→ **TASK**: Give the data below again exactly as it stands. Omit the pictures.

→ **SOURCE DATA**:
◇ ◇ ◇ ◇ ◇
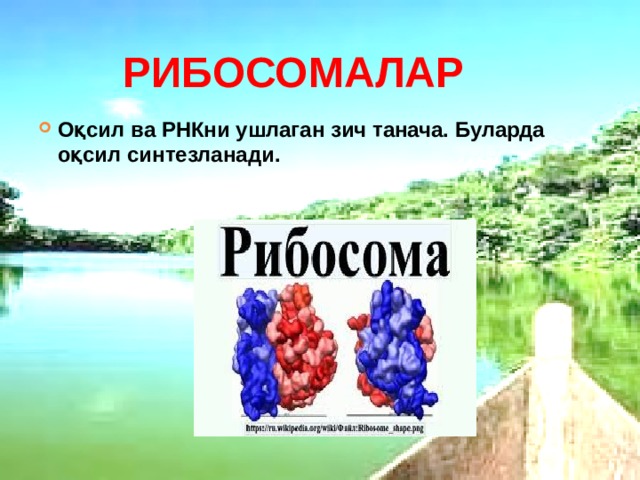 РИБОСОМАЛАР Оқсил ва РНКни ушлаган зич танача. Буларда оқсил синтезланади. 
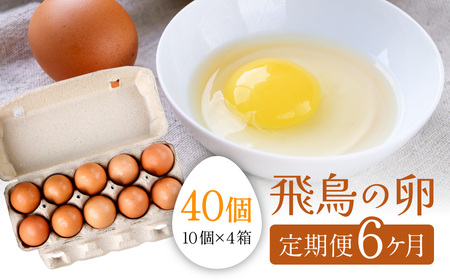 【6ヶ月定期便】　卵 飛鳥の卵 (10個×4箱) 風雅ファーム 90-001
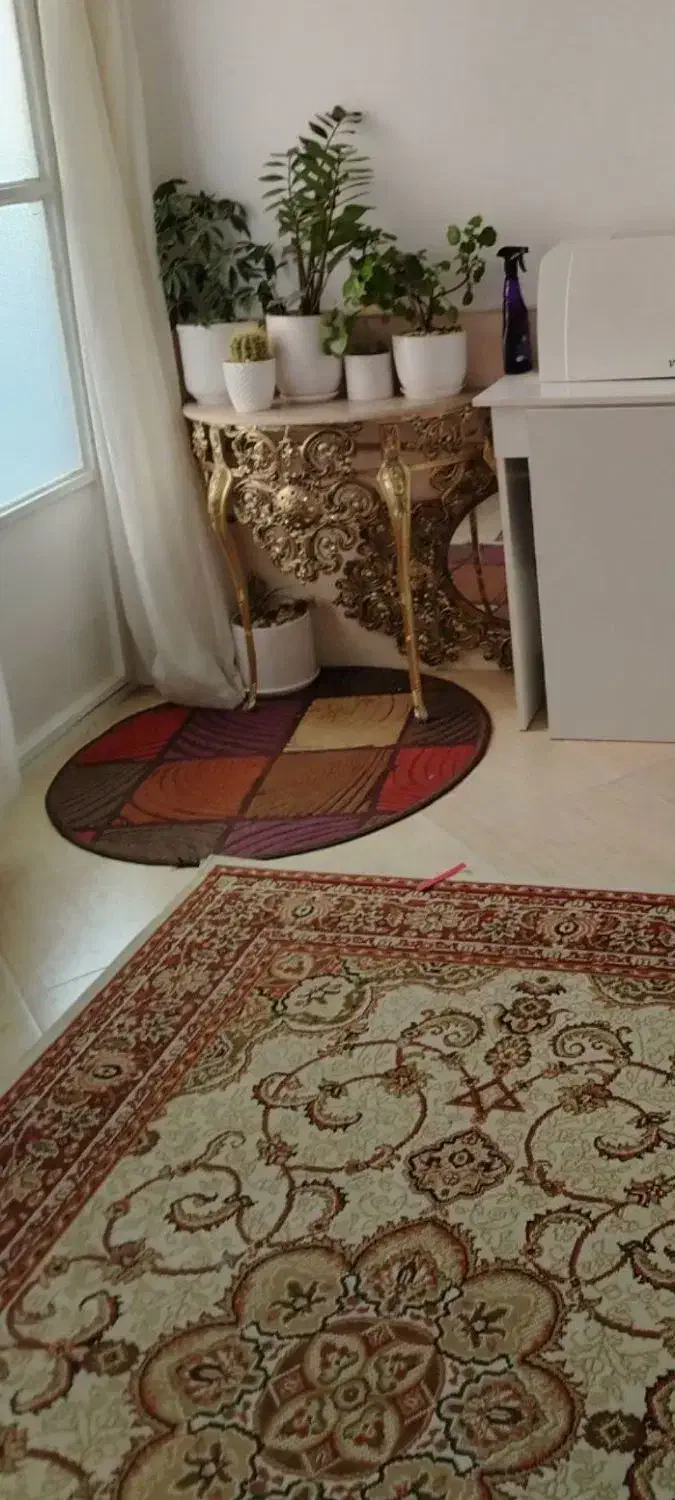 آینه برنز|آینه|نیشابور, کوی یغما|دیوار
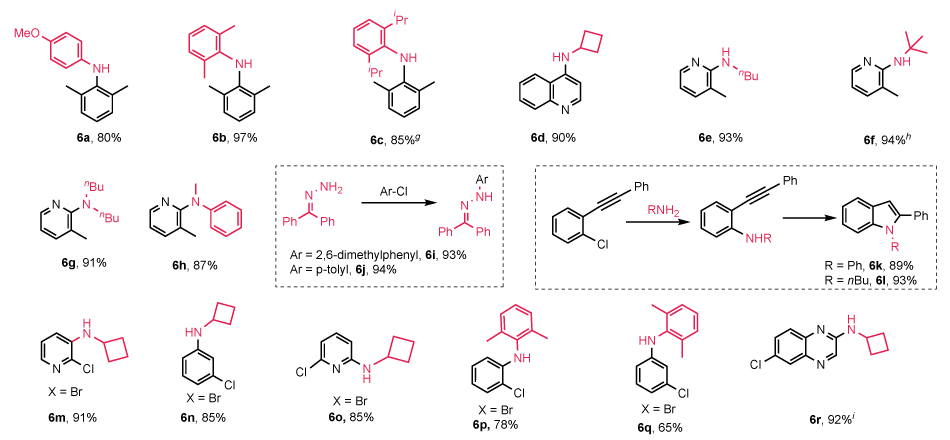Buchwald–Hartwig Reaction Results Table summarizing Buchwald–Hartwig coupling with (NHC-H)₂Pd₂Cl₆ showing substrates, nitrogen highlights, and yields from 65% to 97%.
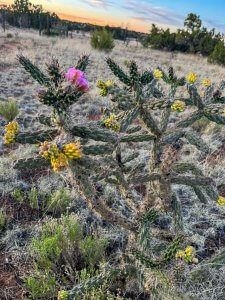 Cholla in bloom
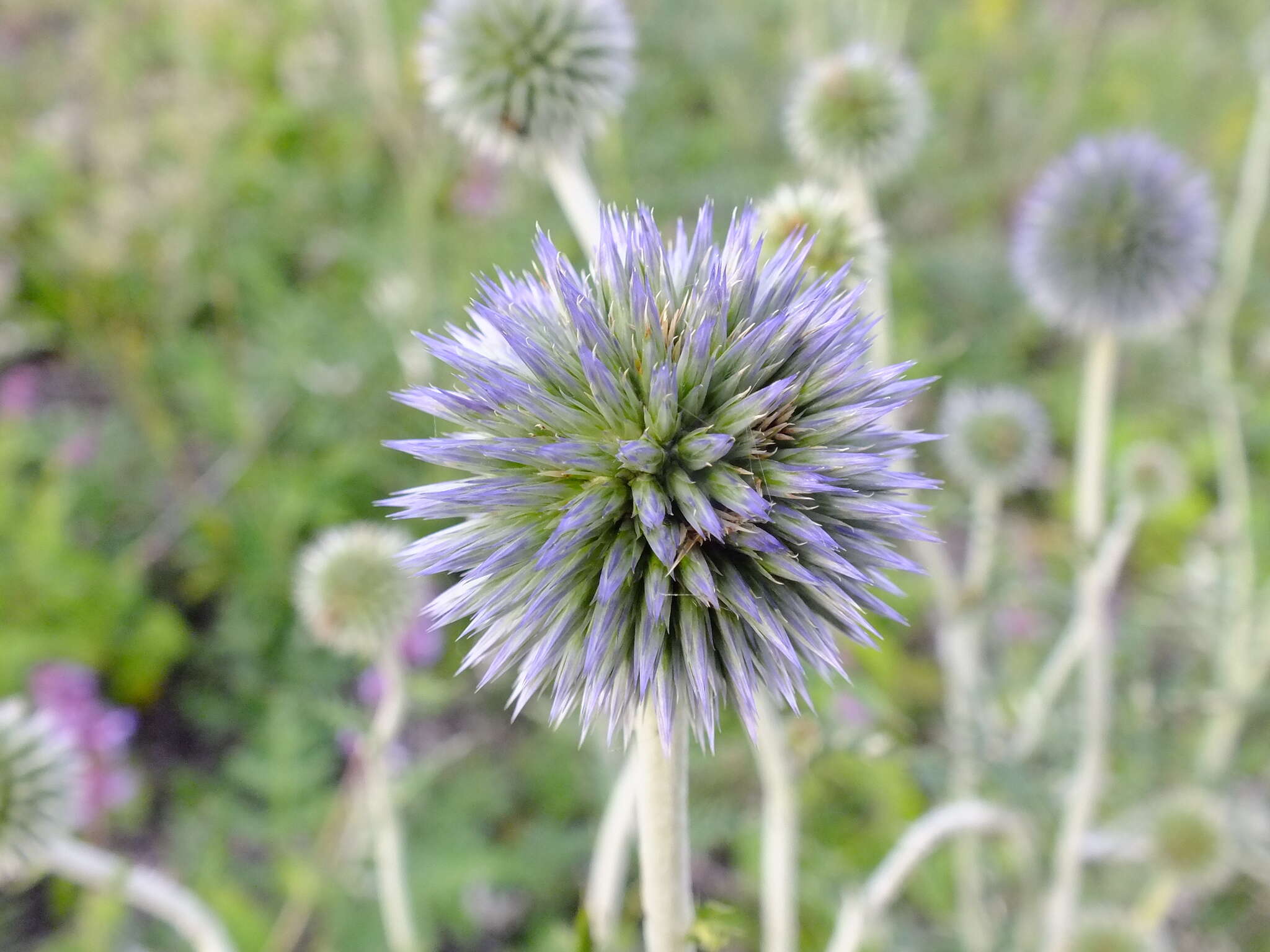 Imagem de Echinops tataricus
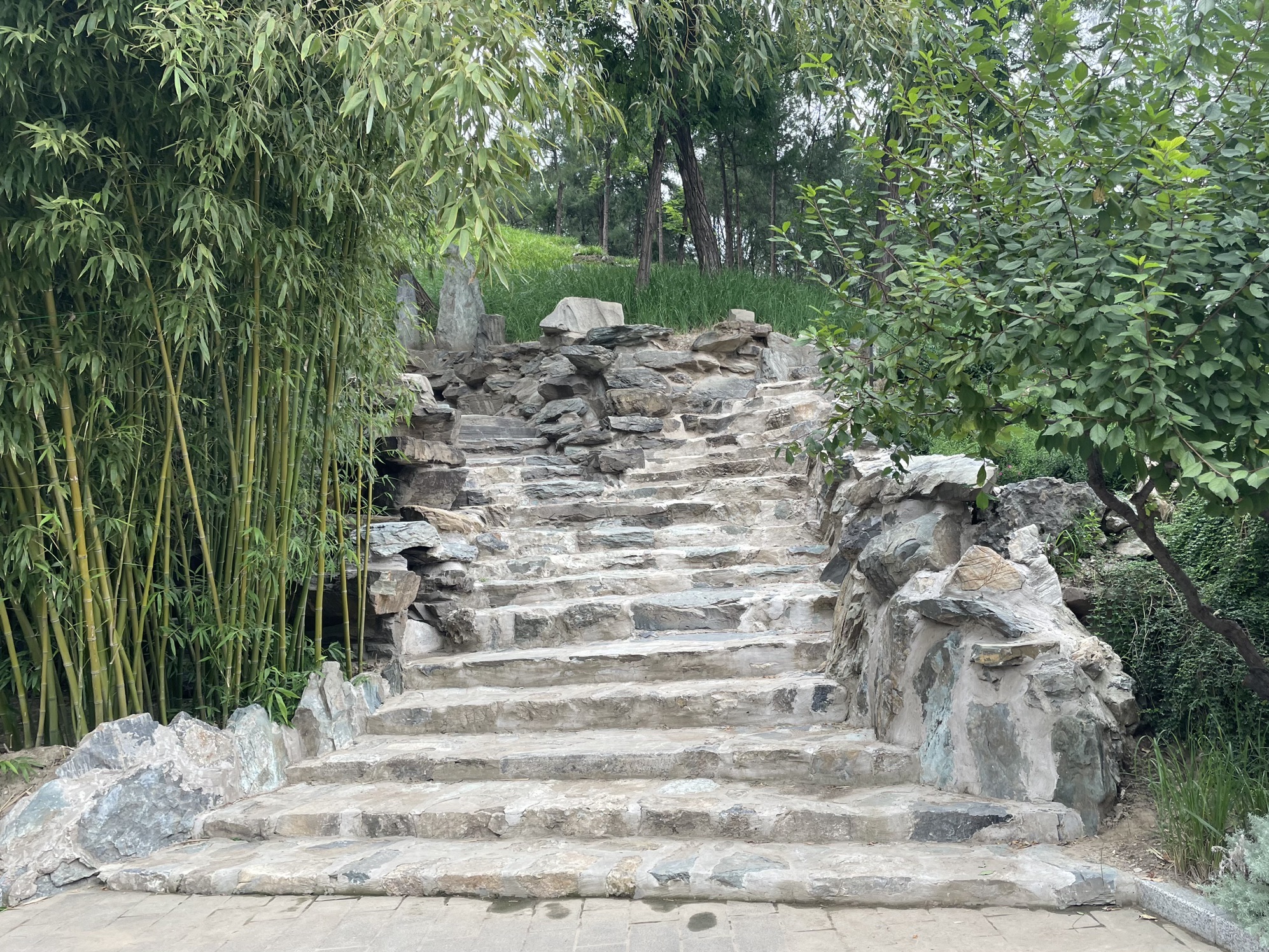 东单公园旅行图片 1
◇ ◇ ◇ ◇ ◇
→ **EXPECTED ANSWER**:
 РИБОСОМАЛАР Оқсил ва РНКни ушлаган зич танача. Буларда оқсил синтезланади. 
 【6ヶ月定期便】　卵 飛鳥の卵 (10個×4箱) 風雅ファーム 90-001
 آینه برنز|آینه|نیشابور, کوی یغما|دیوار
Buchwald–Hartwig Reaction Results Table summarizing Buchwald–Hartwig coupling with (NHC-H)₂Pd₂Cl₆ showing substrates, nitrogen highlights, and yields from 65% to 97%.
 Cholla in bloom
 Imagem de Echinops tataricus
 东单公园旅行图片 1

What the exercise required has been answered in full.